What you are asked to do
Here are the records. Write out exactly the lines between the one holding "See You In Hell Radio Head Satan GIF" and the one holding "Elegant Bathroom Vanity", inclusive.

Extracted records

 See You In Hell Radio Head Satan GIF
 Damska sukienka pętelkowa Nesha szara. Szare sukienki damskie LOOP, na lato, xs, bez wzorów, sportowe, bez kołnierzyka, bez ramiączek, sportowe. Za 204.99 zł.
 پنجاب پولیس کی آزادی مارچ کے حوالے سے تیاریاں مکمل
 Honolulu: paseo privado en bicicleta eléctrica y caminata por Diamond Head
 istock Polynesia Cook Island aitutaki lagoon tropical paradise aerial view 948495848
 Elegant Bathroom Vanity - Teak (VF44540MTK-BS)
...
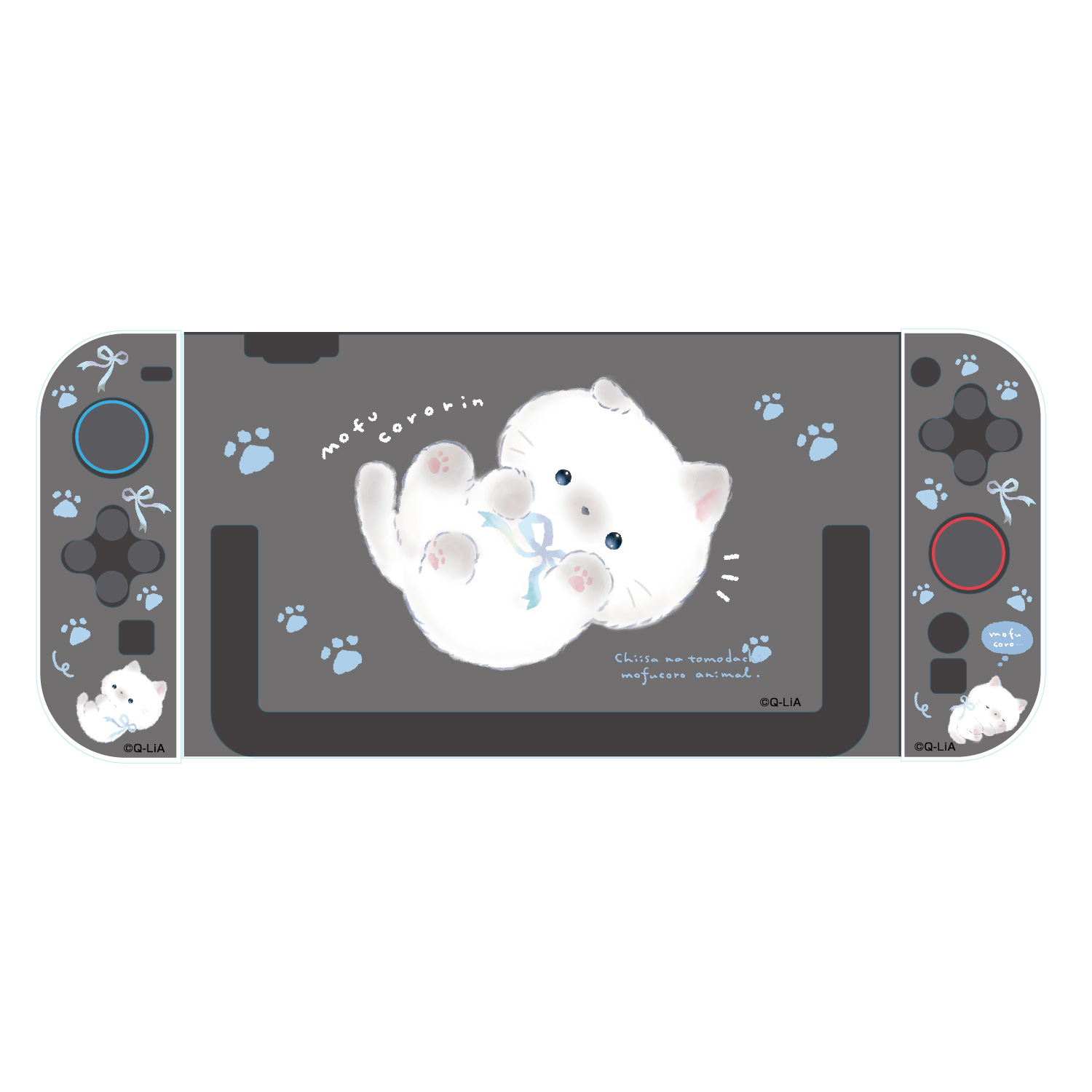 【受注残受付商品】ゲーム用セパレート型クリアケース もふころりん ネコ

Final answer
 See You In Hell Radio Head Satan GIF
 Damska sukienka pętelkowa Nesha szara. Szare sukienki damskie LOOP, na lato, xs, bez wzorów, sportowe, bez kołnierzyka, bez ramiączek, sportowe. Za 204.99 zł.
 پنجاب پولیس کی آزادی مارچ کے حوالے سے تیاریاں مکمل
 Honolulu: paseo privado en bicicleta eléctrica y caminata por Diamond Head
 istock Polynesia Cook Island aitutaki lagoon tropical paradise aerial view 948495848
 Elegant Bathroom Vanity - Teak (VF44540MTK-BS)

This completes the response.